A strange vehicle was rapidly approaching the
Challenger
. Bullet-shaped and sleek-nosed, the craft was outfitted with backswept aerodynamic fins and a vertical "rudder" of the kind used in hypersonic flight through the upper atmosphere.

"Designed for a powered reentry," Arv commented tensely. "But whose ship is it?"

"Look at those markings on the side," Tom responded in a low voice.

"Chinese characters!" gasped Felix.

"Can you read them?"

"They are in the pin-yin short form of ideogram, the modern style. I am not familiar with the word, though—
Fanshen!"

Before Tom could react to the word, Bud called out, "What’s that? What’s he doing?"

A long tube, like a pipe, had swung down from the craft’s hull.

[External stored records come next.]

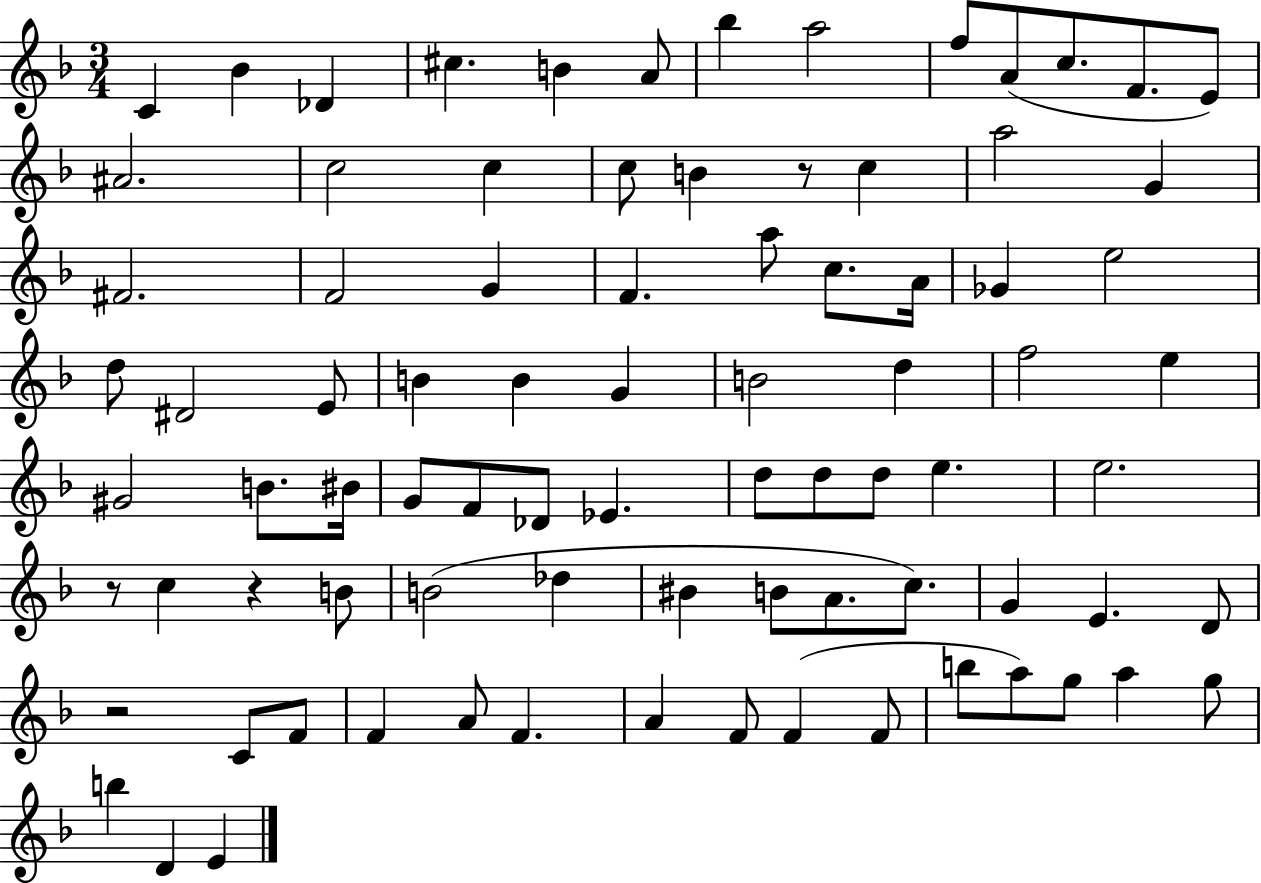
{
  \clef treble
  \numericTimeSignature
  \time 3/4
  \key f \major
  c'4 bes'4 des'4 | cis''4. b'4 a'8 | bes''4 a''2 | f''8 a'8( c''8. f'8. e'8) | \break ais'2. | c''2 c''4 | c''8 b'4 r8 c''4 | a''2 g'4 | \break fis'2. | f'2 g'4 | f'4. a''8 c''8. a'16 | ges'4 e''2 | \break d''8 dis'2 e'8 | b'4 b'4 g'4 | b'2 d''4 | f''2 e''4 | \break gis'2 b'8. bis'16 | g'8 f'8 des'8 ees'4. | d''8 d''8 d''8 e''4. | e''2. | \break r8 c''4 r4 b'8 | b'2( des''4 | bis'4 b'8 a'8. c''8.) | g'4 e'4. d'8 | \break r2 c'8 f'8 | f'4 a'8 f'4. | a'4 f'8 f'4( f'8 | b''8 a''8) g''8 a''4 g''8 | \break b''4 d'4 e'4 | \bar "|."
}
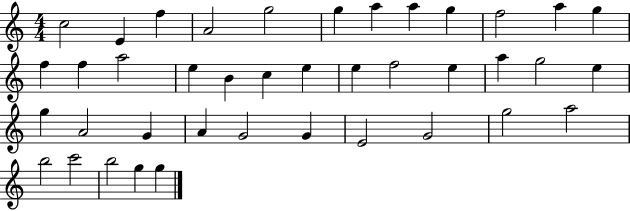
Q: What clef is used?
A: treble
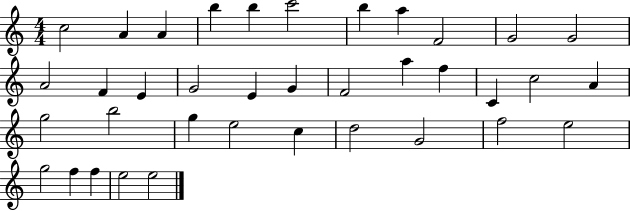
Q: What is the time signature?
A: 4/4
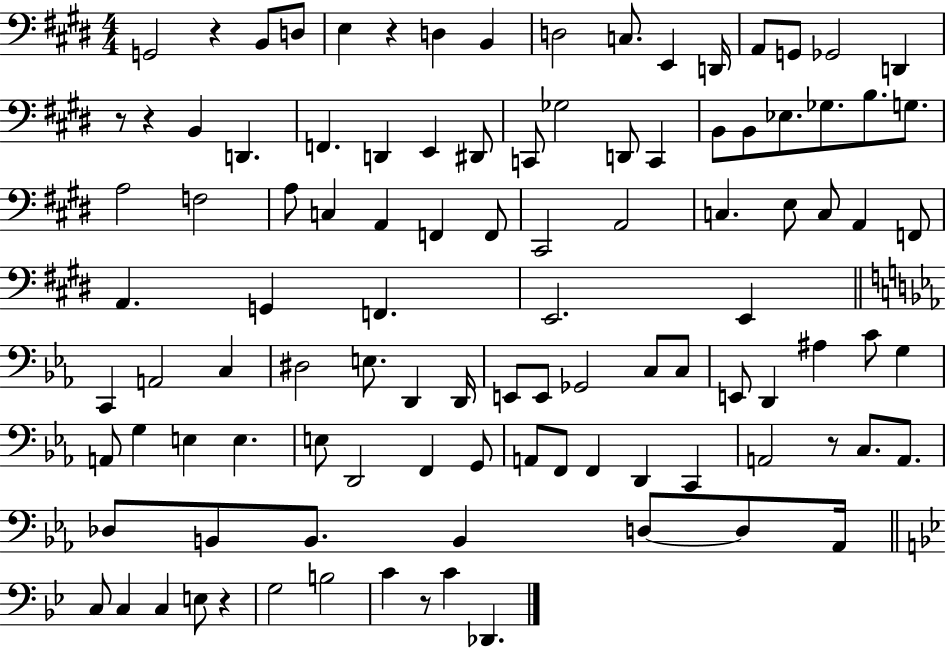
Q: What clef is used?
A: bass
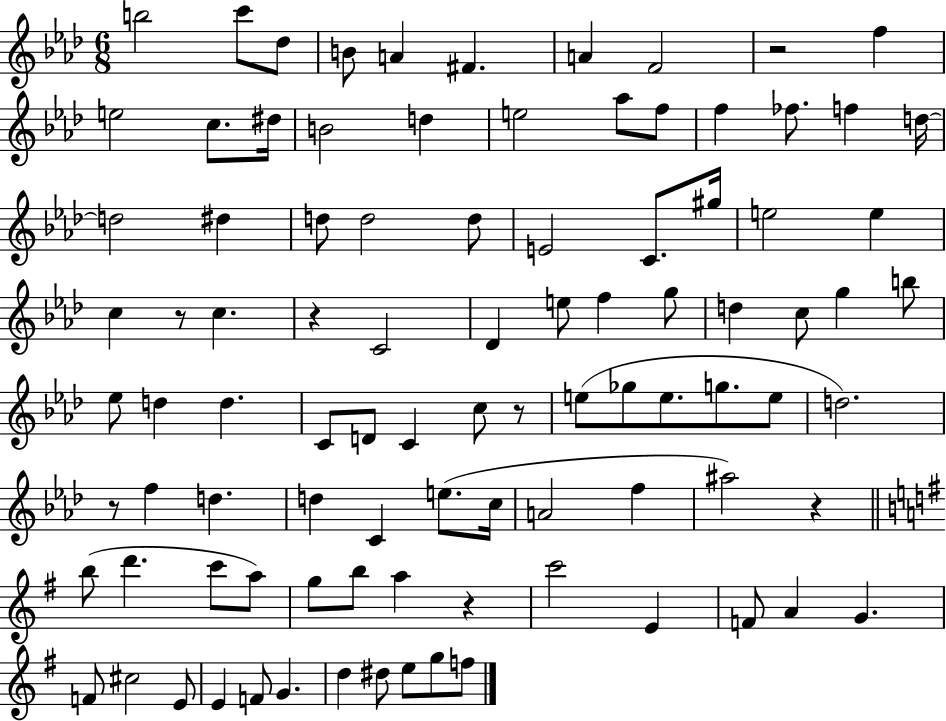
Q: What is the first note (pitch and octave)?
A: B5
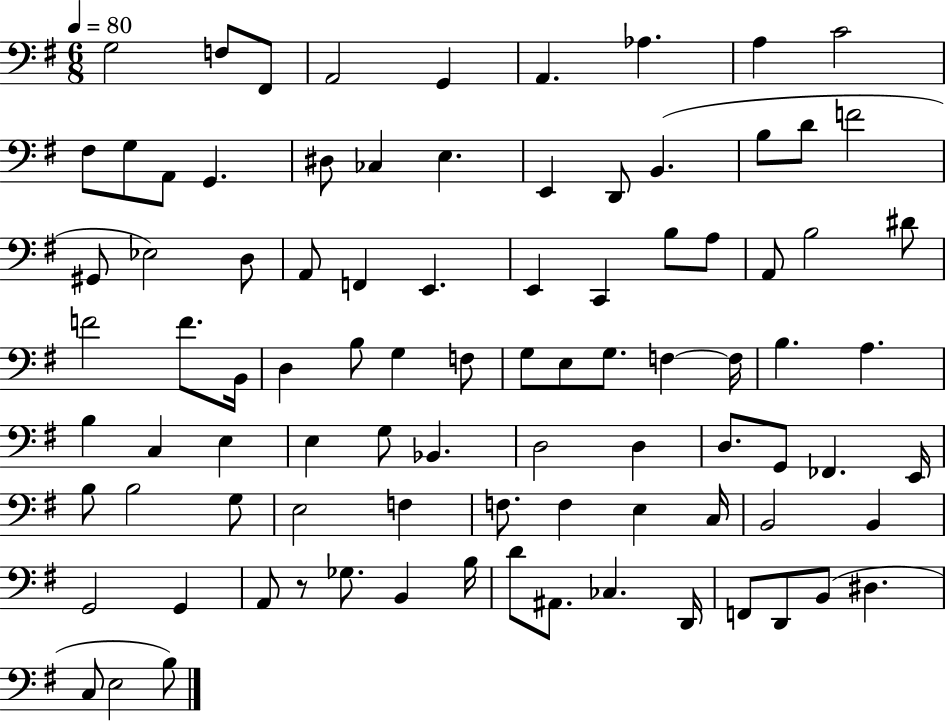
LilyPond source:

{
  \clef bass
  \numericTimeSignature
  \time 6/8
  \key g \major
  \tempo 4 = 80
  g2 f8 fis,8 | a,2 g,4 | a,4. aes4. | a4 c'2 | \break fis8 g8 a,8 g,4. | dis8 ces4 e4. | e,4 d,8 b,4.( | b8 d'8 f'2 | \break gis,8 ees2) d8 | a,8 f,4 e,4. | e,4 c,4 b8 a8 | a,8 b2 dis'8 | \break f'2 f'8. b,16 | d4 b8 g4 f8 | g8 e8 g8. f4~~ f16 | b4. a4. | \break b4 c4 e4 | e4 g8 bes,4. | d2 d4 | d8. g,8 fes,4. e,16 | \break b8 b2 g8 | e2 f4 | f8. f4 e4 c16 | b,2 b,4 | \break g,2 g,4 | a,8 r8 ges8. b,4 b16 | d'8 ais,8. ces4. d,16 | f,8 d,8 b,8( dis4. | \break c8 e2 b8) | \bar "|."
}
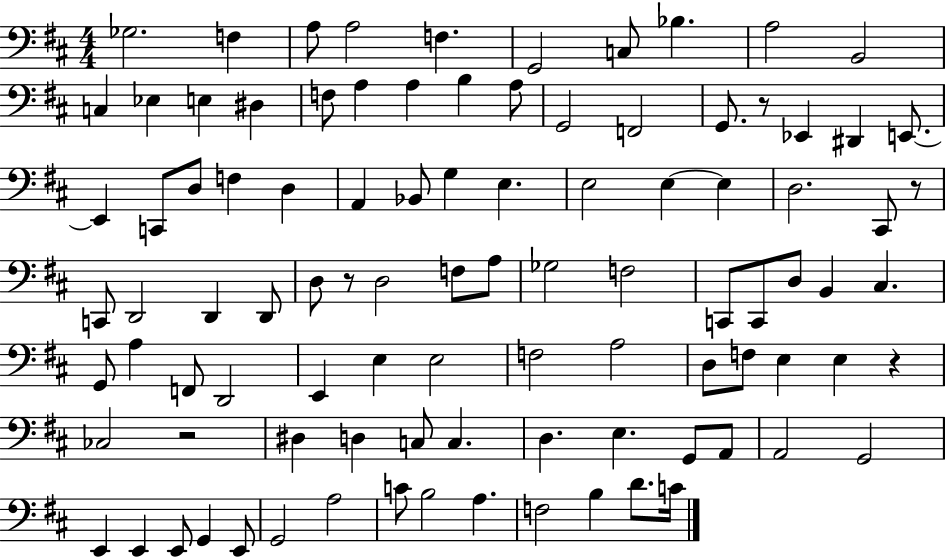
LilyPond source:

{
  \clef bass
  \numericTimeSignature
  \time 4/4
  \key d \major
  ges2. f4 | a8 a2 f4. | g,2 c8 bes4. | a2 b,2 | \break c4 ees4 e4 dis4 | f8 a4 a4 b4 a8 | g,2 f,2 | g,8. r8 ees,4 dis,4 e,8.~~ | \break e,4 c,8 d8 f4 d4 | a,4 bes,8 g4 e4. | e2 e4~~ e4 | d2. cis,8 r8 | \break c,8 d,2 d,4 d,8 | d8 r8 d2 f8 a8 | ges2 f2 | c,8 c,8 d8 b,4 cis4. | \break g,8 a4 f,8 d,2 | e,4 e4 e2 | f2 a2 | d8 f8 e4 e4 r4 | \break ces2 r2 | dis4 d4 c8 c4. | d4. e4. g,8 a,8 | a,2 g,2 | \break e,4 e,4 e,8 g,4 e,8 | g,2 a2 | c'8 b2 a4. | f2 b4 d'8. c'16 | \break \bar "|."
}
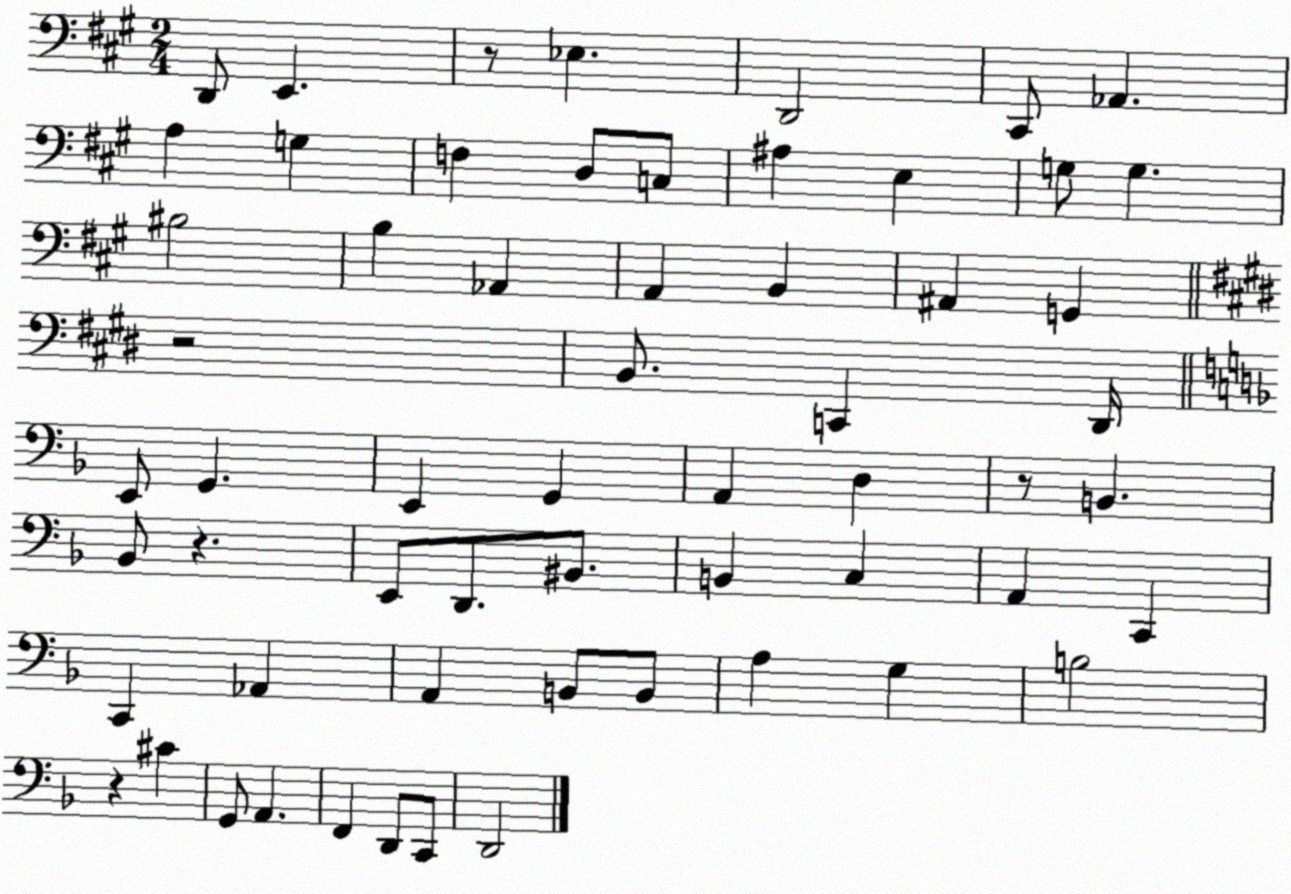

With a flash of light a long vaporous form shot from the end of the tube, dead-on toward the
Challenger!

 

CHAPTER 11
TWO LOST TREKKERS

THE WEIRD plume of material, glittering in the harsh space sunlight and slightly luminous against the ebony background, spread rapidly in all directions.

"Nothing on radar," Tom murmured. "The telespectrometers read blank."

In moments the hazy cloud had rushed against the hull of the
Challenger.
It bounced off like a fine spray, swooshing up, down, and around until the spaceship was completely surrounded.

"I can hardly see it now," stated Felix as the cloud spread and thinned.

"But I’m sure it’s still there," Tom said.

"Wa-aal brand me fer a liar, boss, ain’t we got repelly-trons all over this space scow?" demanded Chow. "Let’s jest slough it off!"

Hank answered for his young employer and friend. "Chow, we can’t tune the repelatrons to it if we can’t tell what it’s made of."